**TASK STATEMENT:**
Retype exactly what appears below from the line containing "Nissan Juke Dci Acenta Suv Grey" down to the line containing "Fore 4th Golf", keeping both end lines. Do not include pictures.

SUPPLIED INFORMATION: Begin

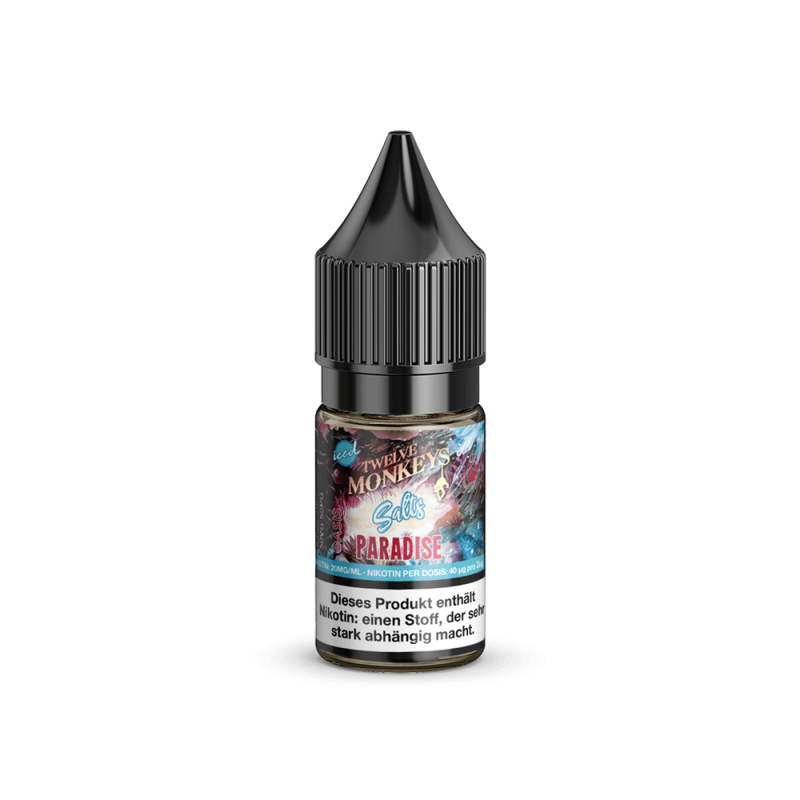 Liquid Paradise - Twelve Monkeys Nikotinsalz 20mg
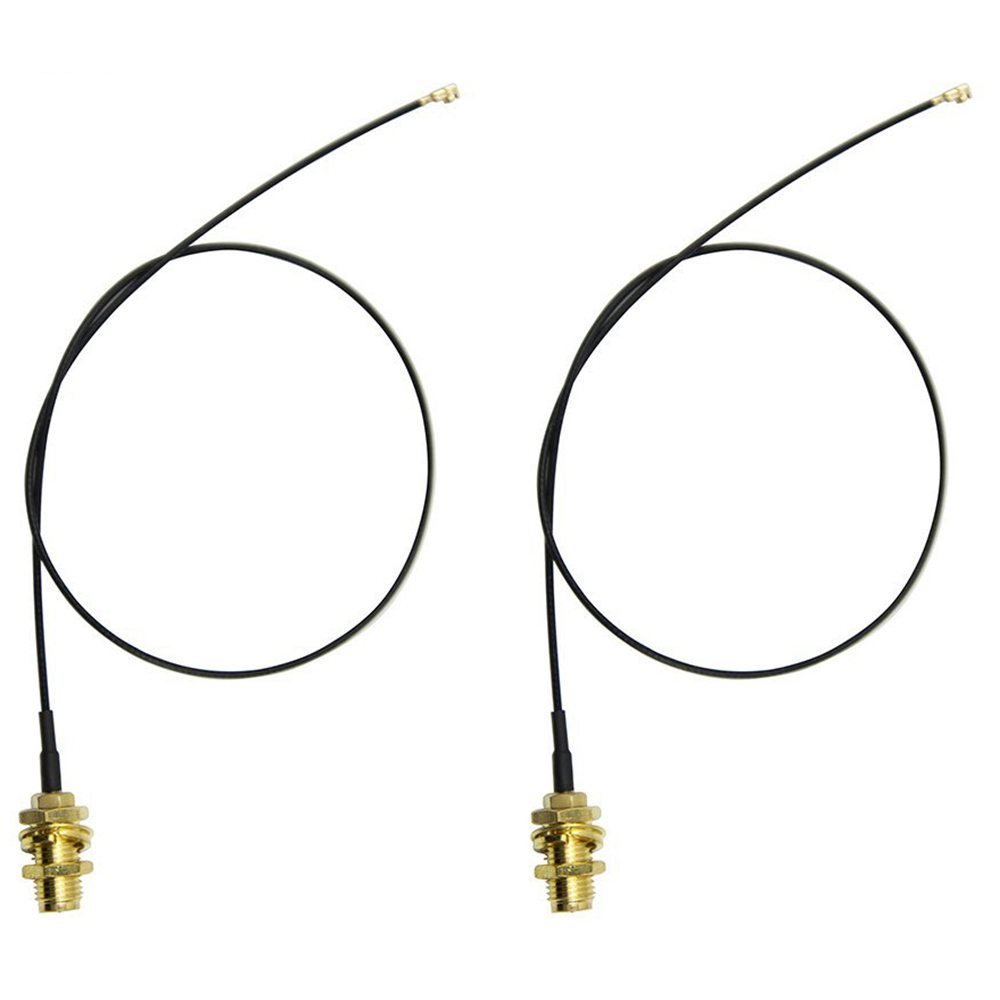 2.4Gwifi antenna 5dbi folding glue stick router antenna adapter cable female head female pin external antenna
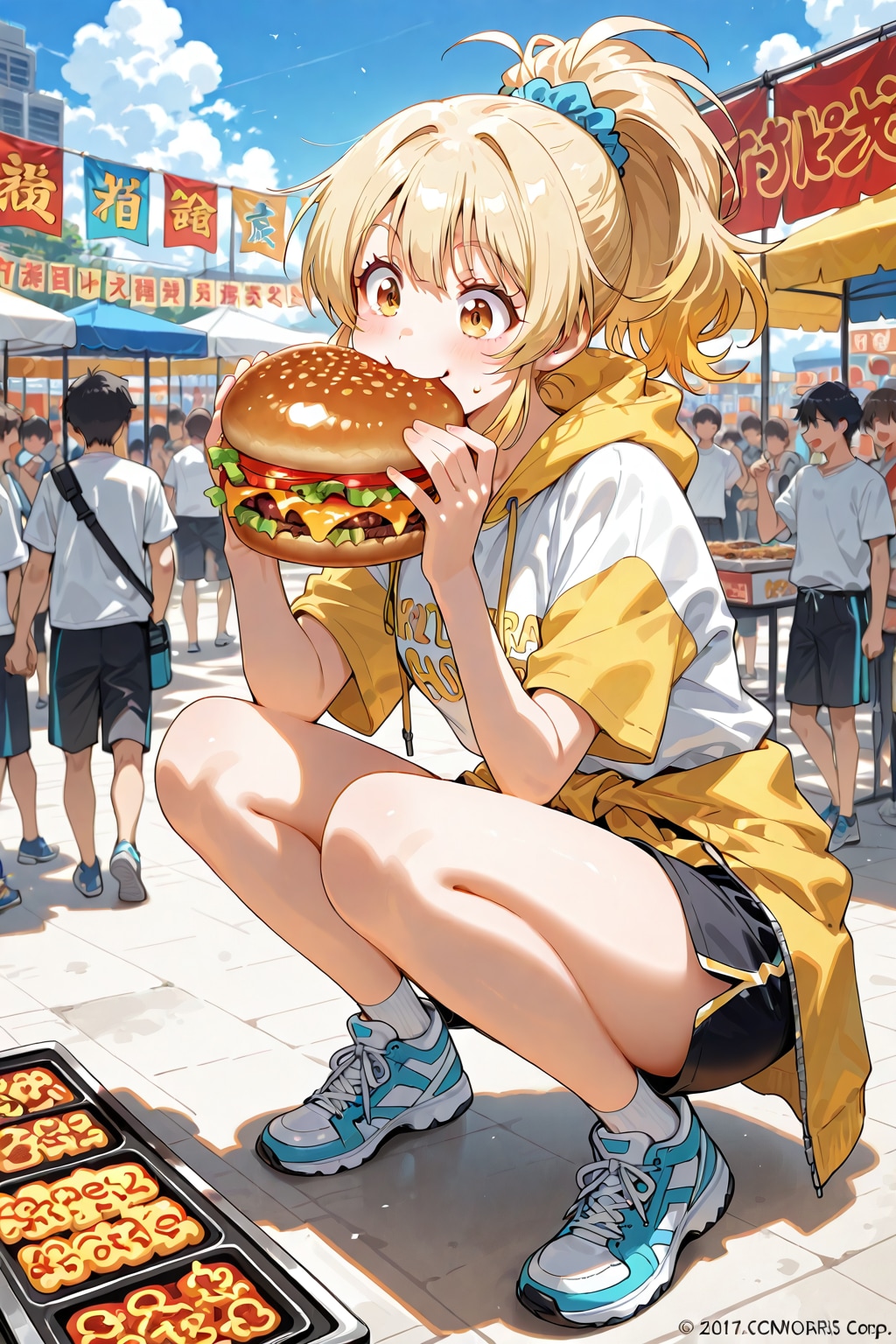 もぐもぐ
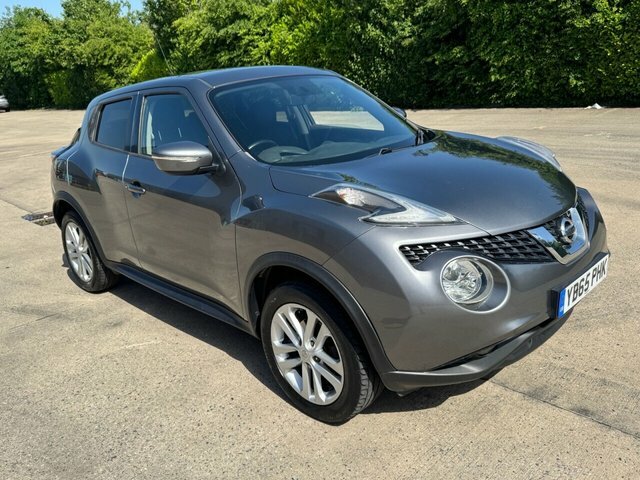 Nissan Juke Dci Acenta Suv Grey
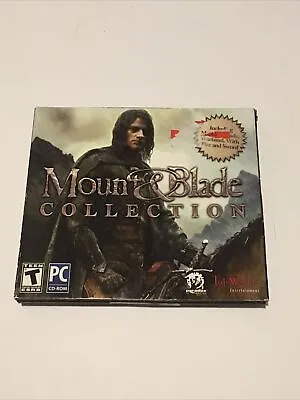 Mount & Blade Collection (PC CD-ROM 2012) NEW • $14.99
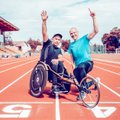 Savaitgalio sporto intriga – paralimpiniai atletai varžybose dalyvaus kartu su sveikaisiais
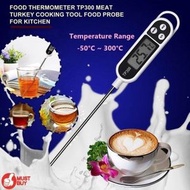 其他品牌 - TP300 電子食物温度計 (-50°C - 300°C / -58°F - 572°F) x 1個 食物溫度計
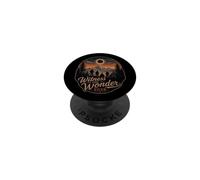 “Witness the Wonder 2026 Solar Eclipse” PopSockets Adhesive PopGrip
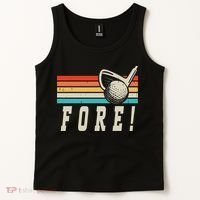 Fore 4th Golf Birthday Party Tank Top thumb 2
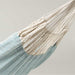 Pacific Hammocks Authentic Double Clasico Hammock in Beau Blue Stitch Close up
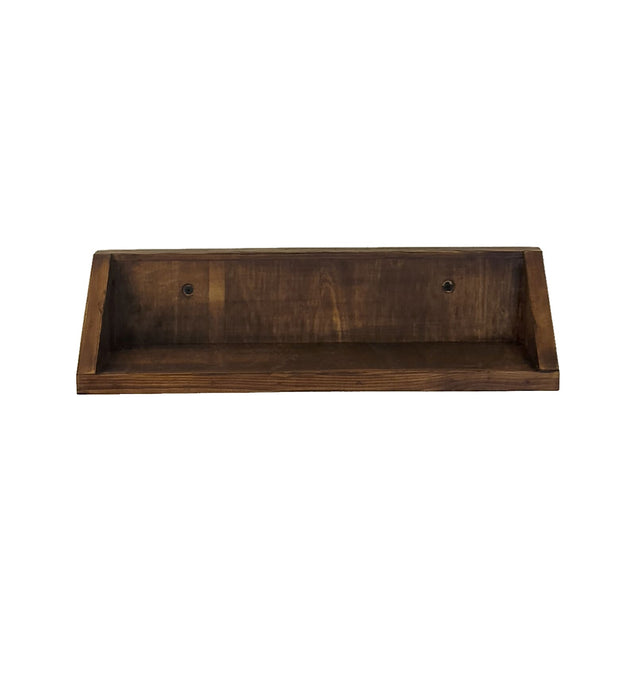 Daniel Set of 2 Wooden Wall Shelf Organiser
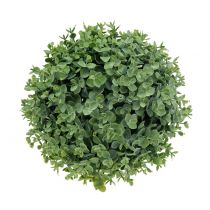 Bola de buxo verde artificial Ø18cm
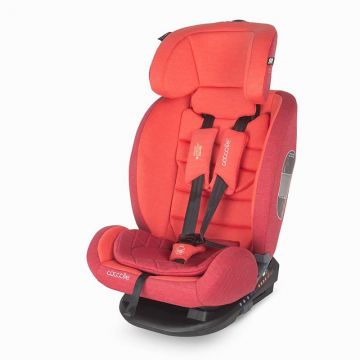 Scaun auto cu isofix grupa 0-36 kg Coccolle Sedna Aurora Red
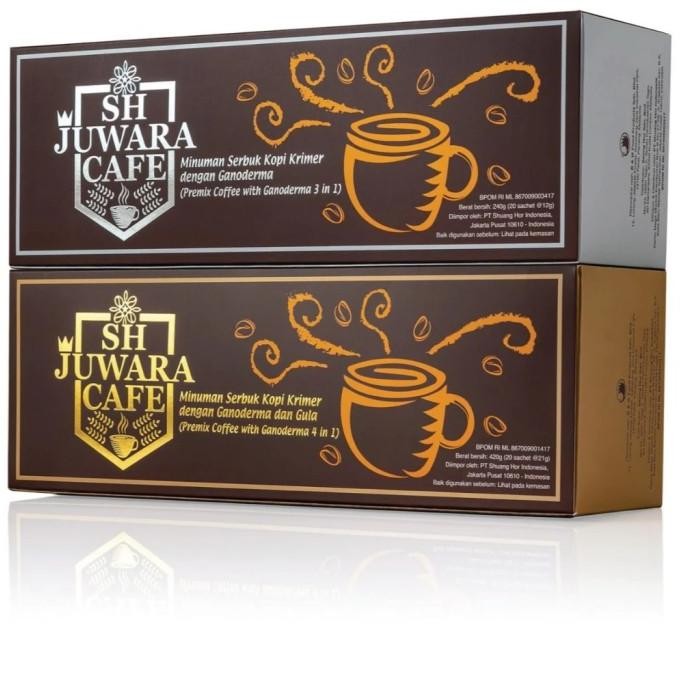 

SH Juwara CEO Cafe Kopi Kesehatan Antioksidan Anti Kanker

SUPPLIED INFORMATION: End

**TASK SOLUTION:**
 Nissan Juke Dci Acenta Suv Grey
 Mount & Blade Collection (PC CD-ROM 2012) NEW • $14.99
 Savaitgalio sporto intriga – paralimpiniai atletai varžybose dalyvaus kartu su sveikaisiais
 其他品牌 - TP300 電子食物温度計 (-50°C - 300°C / -58°F - 572°F) x 1個 食物溫度計
 “Witness the Wonder 2026 Solar Eclipse” PopSockets Adhesive PopGrip
 Fore 4th Golf Birthday Party Tank Top thumb 2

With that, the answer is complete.